Maybe I am forcing blood to the brain. Maybe I am pulling images from air.
Maybe it's my way of finding and harnessing rhythm. In any case, there must be
something to it because I can't write in any other way. Moving my body keeps my
brain focused and awake. I think I must look the way small children do—all that
uncontrollable energy sending them into spasms. I don't generally move through
the world like this, thankfully, but I suspect it helps me tap into something
more primal and unkempt, which resonates with the gut love I have for this
work."
—Jessica Hendry Nelson is the author of If Only You People
Could Follow Directions(Counterpoint Press, 2014)
posted 4.21.14
"Whenever
I’m feeling stuck or stale in my writing, I find that the proverbial walk in
the woods offers everything from relief to inspiration. When my subject is too
raw, I’m soothed by the solitude of the forest—solitude meaning alone without
the page staring me in the face. When I feel like my writing is lacking texture
or isn’t visual enough, I get outside and try to run through all my senses—what
scents are in the air? What sounds? Getting my legs moving, feeling the
prickerbushes rip at my arms, the sharp glare of the sun or snap of wind in my
face all offer a physicality that jolts me out of the rote rhythm of writing,
that computer cocoon. My husband, Mark Milroy, is an artist and I also like to
look at his landscapes for this same awakening effect. I call him a nonfiction
painter and I know firsthand most of the views where he paints his landscapes.
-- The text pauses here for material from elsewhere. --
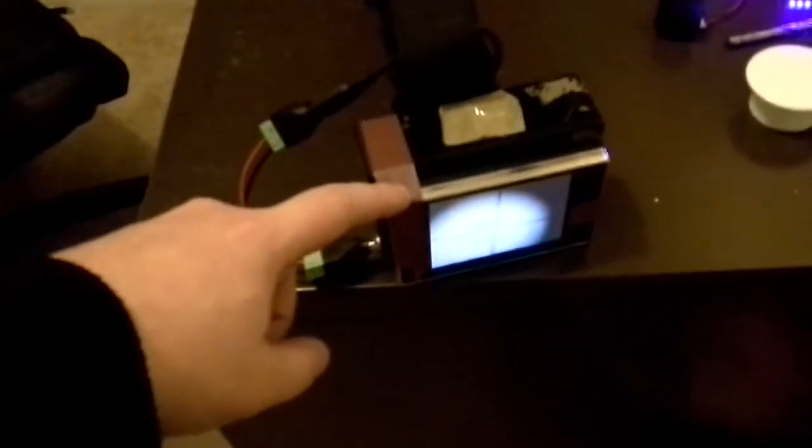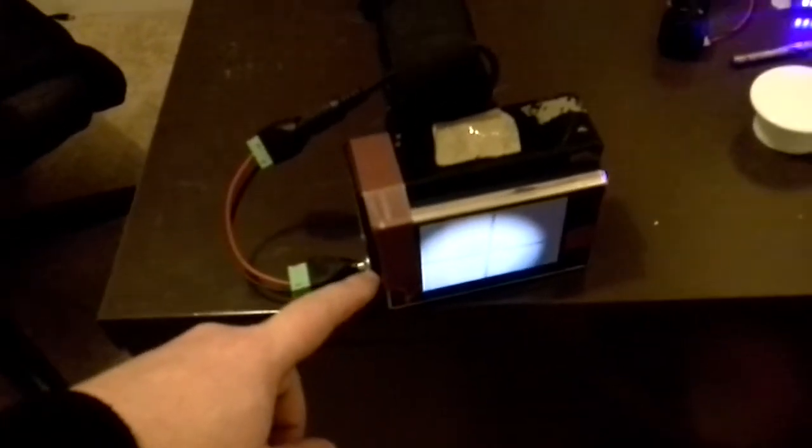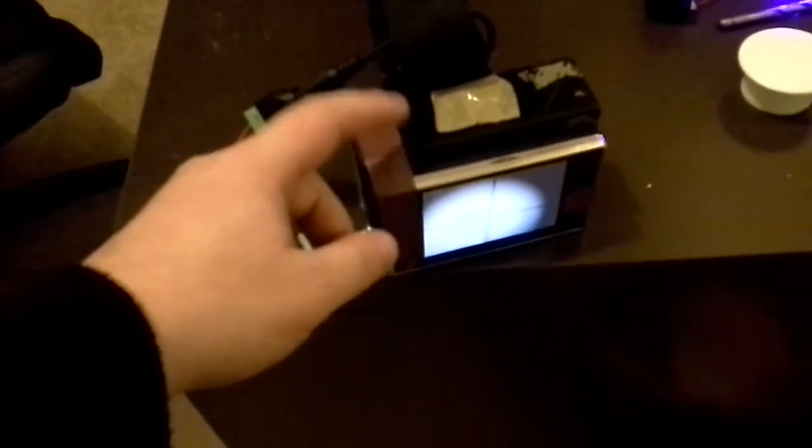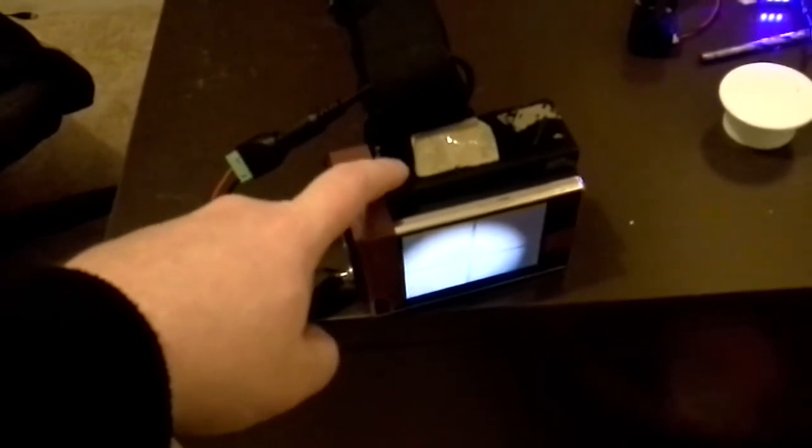Cheap TFT screen from China. It's a little power supply rack that I did. Inside you've got a camera — I'll put all the links on. It's really good. It cost me £25.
Yet I am always astounded by what he sees. His work has changed the way I
see—the layering of hills, the purple of a field, the strange rectangular angle
of an oncoming ocean wave. His skies are never simply blue, his grass never
simply green. It took me a while to realize the same is true in real life—a
fundamental realization for a nonfiction writer!"
—Kelly McMasters is the author of Welcome to Shirley: A
Memoir from an Atomic Town(PublicAffairs, 2008)
posted 4.09.14
"I’m
not so much interested in things like plot and character and pacing and all
that other literary nonsense, but rather the discrete quanta with which those
things are built: Words. I like that the little music in a single word can, by
its placement, or its very presence, beautify or corrupt the sentence that
bears it; that the resulting sentence can test the truth of its paragraph, the
paragraph of its page, the page of its chapter, and so on, until the success of
an entire work seems to hinge on the single word by which the writer was
originally seduced. Okay, maybe that’s a little melodramatic. But you see where
I’m going with this. A punchy gem found in, say, a dictionary of
eighteenth-century maritime slang can be as inspiring for me as the rhythms
in The Waste Land can inspire other writers; a fun new
word—something like 'mimp' or 'pourparlers'—can even pull me out of the
oblivion of a long stretch of writer’s block, and make a blank sheet of paper
seem no longer infinite and forbidding, but bright, open, and
invitational."
—Bill Cotter, author of The Parallel Apartments (McSweeney's
Books, 2014)
posted 4.01.14
"I’ve
actually found Twitter to be a strange and exciting writing device. I love the
way it makes me think about text without context, content in spite of intent,
form without formality. As a writer who likes to experiment with words (because
otherwise what would be the point?), the sentences Twitter helps me to generate
feel weirdly impactful. I resisted Twitter for so long because I thought it was
nothing but meaningless promotion, and yes, that can be distracting, especially
when I’m wondering how many people will get excited about a post that declares
'ONLY MEN HAVE FACES,' but I suppose only time will tell."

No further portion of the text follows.